The Community Care Initiative launched at the beginning of the Fall 2012 semester, and already more than 35 projects have been completed throughout the Lynchburg area. These include housekeeping and yard work for the elderly and disabled, painting at the Blue Ridge Pregnancy Center, a building blitz with Habitat for Humanity, a mosaic wall for the children’s museum, cleaning up local parks, and visiting nursing homes. More than 1,200 “hours of care” have been recorded since September.
The initiative’s motto is based on James 2:18: “Demonstrating Our Faith by Doing Our Neighbor Good.”
“Our focus is to find tangible and lasting ways to demonstrate the love of Christ by serving people through short-term projects,” said Will Honeycutt, CCI faculty coordinator. “It has always been part of Liberty’s mission to be salt and light in our world, and with such a large base of service-minded people, Liberty is positioned to meet the needs of our community.”
|A Liberty student ministers to the elderly.|
The program is an optional supplement to the 20 hours per semester that is required of all Liberty students in their sophomore, junior, and senior years through the Christian/Community Service Office. In the 2011-2012 academic year, students contributed 305,384 hours in service to the community. While those required hours are earned mainly at places in need of long-term volunteers, CCI is not required. It was designed as an extra opportunity for students, faculty, and staff to respond to various needs as they arise, simply because they desire to do more to demonstrate their love to their local neighbors.
The CCI office fields the requests from the community and then assigns the “care projects” to project managers, largely coming from Liberty’s Office of Student Leadership, who then recruit their teams and go meet the need.
“As Christians, we are called to step outside of the ‘Liberty bubble’ and to reach out to the many different people that God has placed around us,” said Brittannie Hedrick, a project manager. “Lynchburg is an awesome community filled with people who need to be loved and need to see the Gospel lived out in us.”
Students say they have enjoyed getting to know the people they serve and they receive a reward for their work — the blessing of witnessing a burden lifted and a life changed.
|Students stain an elderly man's wheelchair ramp.|
Project manager Kari Wagner helped stain an elderly man's wheelchair ramp.
"(He) came outside while we were working, and talked to us for a long time. He shared about his difficult journey with his numerous health problems and how grateful he was that we were able to come and stain this wheelchair ramp,” she said. “At the end, we prayed as a group for him and it was awesome. I was so honored to be able to be God's hands and feet today as we served this man and his wife while completing such a simple task."
Gracie Erwin has been leading a team that has been visiting a terminally ill woman in need of companionship and help cleaning her home.
On one recent visit, Erwin said she recognized that the woman’s condition had worsened since their last visit.
“She was feeling ill and having a difficult time breathing so we spent the afternoon giving her a foot bath, and a manicure and pedicure.
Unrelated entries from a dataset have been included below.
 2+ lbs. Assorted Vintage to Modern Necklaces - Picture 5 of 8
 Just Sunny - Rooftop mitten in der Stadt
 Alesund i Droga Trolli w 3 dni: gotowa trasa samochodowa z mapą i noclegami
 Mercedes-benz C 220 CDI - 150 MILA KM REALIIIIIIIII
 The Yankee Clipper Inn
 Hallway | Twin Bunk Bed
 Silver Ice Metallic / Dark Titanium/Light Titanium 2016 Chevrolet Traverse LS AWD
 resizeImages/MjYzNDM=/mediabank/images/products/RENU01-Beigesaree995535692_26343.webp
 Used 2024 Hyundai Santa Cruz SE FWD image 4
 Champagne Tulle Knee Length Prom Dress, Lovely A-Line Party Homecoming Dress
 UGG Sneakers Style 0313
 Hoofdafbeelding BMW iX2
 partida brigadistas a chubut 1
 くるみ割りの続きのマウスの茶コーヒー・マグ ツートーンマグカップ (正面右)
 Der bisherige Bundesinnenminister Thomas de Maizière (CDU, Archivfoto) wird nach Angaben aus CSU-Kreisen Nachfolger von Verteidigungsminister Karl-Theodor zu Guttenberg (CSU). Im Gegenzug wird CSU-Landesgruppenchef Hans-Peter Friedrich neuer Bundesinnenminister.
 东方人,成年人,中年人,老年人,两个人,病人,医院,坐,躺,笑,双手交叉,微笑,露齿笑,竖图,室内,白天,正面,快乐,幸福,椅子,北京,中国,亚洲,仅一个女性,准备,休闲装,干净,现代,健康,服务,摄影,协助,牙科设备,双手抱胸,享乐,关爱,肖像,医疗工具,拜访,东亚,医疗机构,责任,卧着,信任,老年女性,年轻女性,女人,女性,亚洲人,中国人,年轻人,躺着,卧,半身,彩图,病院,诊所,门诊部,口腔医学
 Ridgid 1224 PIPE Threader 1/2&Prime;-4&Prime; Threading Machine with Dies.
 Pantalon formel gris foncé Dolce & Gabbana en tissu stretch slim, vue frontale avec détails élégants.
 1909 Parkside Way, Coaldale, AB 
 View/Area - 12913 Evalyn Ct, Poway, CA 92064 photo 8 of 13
She absolutely loved being pampered. It was so good to do something so simple for this woman and get to spend time building our relationship with her. After that we cooked her dinner and had a lovely meal together. (She) always tells us how much we mean to her and what a difference we have made in her life. We haven't done much, but we have been so blessed in what we have done.”
Gary DuPriest, an elderly and disabled Lynchburg resident, and his wife, who is also disabled, have had several CCI Care Teams to their home.
“Thanks for having such good Christian kids in the CCI program,” he said. “Our city should be proud to have such a fine group of young people helping out the elderly and those others who can't do for themselves."